This week The British Newspaper Archive is thrilled to announce the release of a brand new title, The Atlas or, in its full form, The Atlas and General Newspaper and Journal of Literature.  The size of the paper caused a sensation when it first came out.  The London based newspapers was printed on 40cm sheets, double the size of average papers, making it the largest newspaper.  Its size was reflected in the price of 10d, which would be close to £5 today.  The price was reduced over the years.  The early edition was distributed free of charge by post to most of the countries in the British Empire and European countries, albeit those wishing to receive the paper at the Cape of Good Hope or in New South Wales had to pay an additional penny.

Formation

The Atlas was first established in 1826 by Robert Stephen Rintoul, who also became its first editor.  He brought with him an elite team of journalists and critics.  Its main proprietor was Lord Punmure, Douglas Kinnaird.

Obituary of Robert Stephen Rintoul
Dundee, Perth, and Cupar Advertiser| 4 May 1858

Robert Rintoul’s obituary in the Dundee, Perth, and Cupar Advertiser explains Rintoul’s role in the beginning of The Atlas.  After disagreements with Kinnaird and the other proprietors, Rintoul left The Atlas two years later to begin The Spectator.  This change in editorship and the emergence of a competitor led to a decline in The Atlas’ circulation.
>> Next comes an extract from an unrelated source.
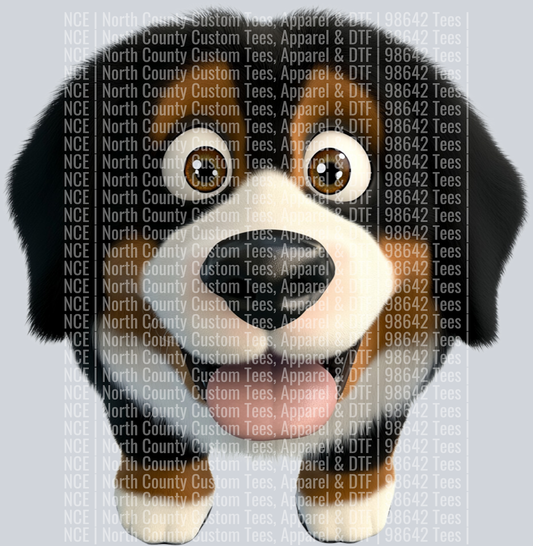 Bernese Mountain Dog (4)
The paper operated from 1826 to 1869.  In the 1850s it was sold to Manchester’s United Kingdom Alliance, an organisation dedication to the promotion of temperance.  In 1862, it changed its name for three years to The Englishman before returning to its original title.

Areas of interest

The Atlas comprised a mixture of national and international social and political news, along with literary, theatre, and music reviews.  According to the Dictionary of Nineteenth-century Journalism in Great Britain and Ireland, The Atlas, ‘which was illustrated by engravings, covered a number of different departments.  These included criticism, reviews, foreign and British news, parliamentary debates, literary correspondence, music and theatre sections, scientific notes and finance.  Its political orientation was Benthamite, liberal and Whig’.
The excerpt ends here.